To be sure, the experts stress caution when comparing Facebook’s database of 250 billion photos to the FBI’s database of 50 million. Still, That’s a pretty big problem for a facial recognition system that the FBI has said is supposed to be faster and more accurate than police lineups.

Shahar Belkin, CTO of FST Biometrics, told The Verge that the problem with the FBI’s system is mainly the quality of the pictures the government is using. These systems typically require photos with people facing forward “no more than 15 degrees off the center axis.” Mug shots, for example, will work, but if the FBI is using the system to identify criminals through surveillance cameras, it’s going to be more difficult to get an accurate read out.

People have raised concerns about the program’s accuracy for years. In 2010, a government auditor reported that the FBI’s facial recognition technology could fail up to 20 percent of the time, The National Journal reported.

And inaccuracies aren’t the only problems critics have with the FBI’s new technology.

Just last month at least 30 civil rights groups sent a letter to Attorney General Eric Holder asking the Justice Department to do an audit of the FBI’s facial-recognition database. They said the program poses privacy risks to American citizens and expressed concern over whether it has been properly vetted.

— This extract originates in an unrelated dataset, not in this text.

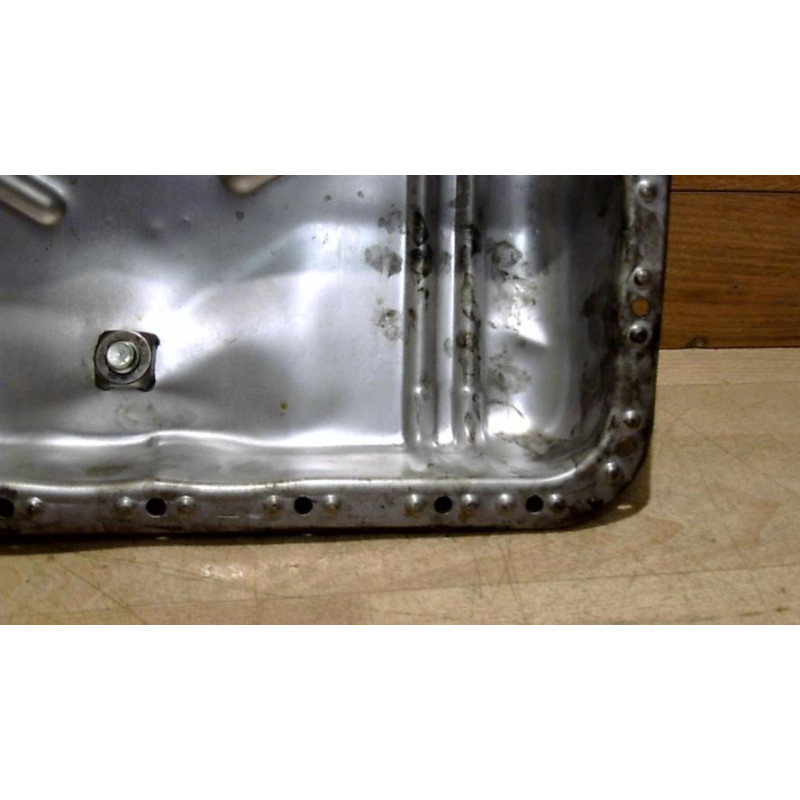 Carter inferieur RENAULT MASTER 2 PHASE 3 d’occasion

"The capacity of the FBI to collect and retain information, even on innocent Americans, has grown exponentially," the letter said. "It is essential for the American public to have a complete picture of all the programs and authorities the FBI uses to track our daily lives, and an understanding of how those programs affect our civil rights and civil liberties."

FBI Director James Comey told Congress last month that the agency will not be collecting and storing photos of average citizens.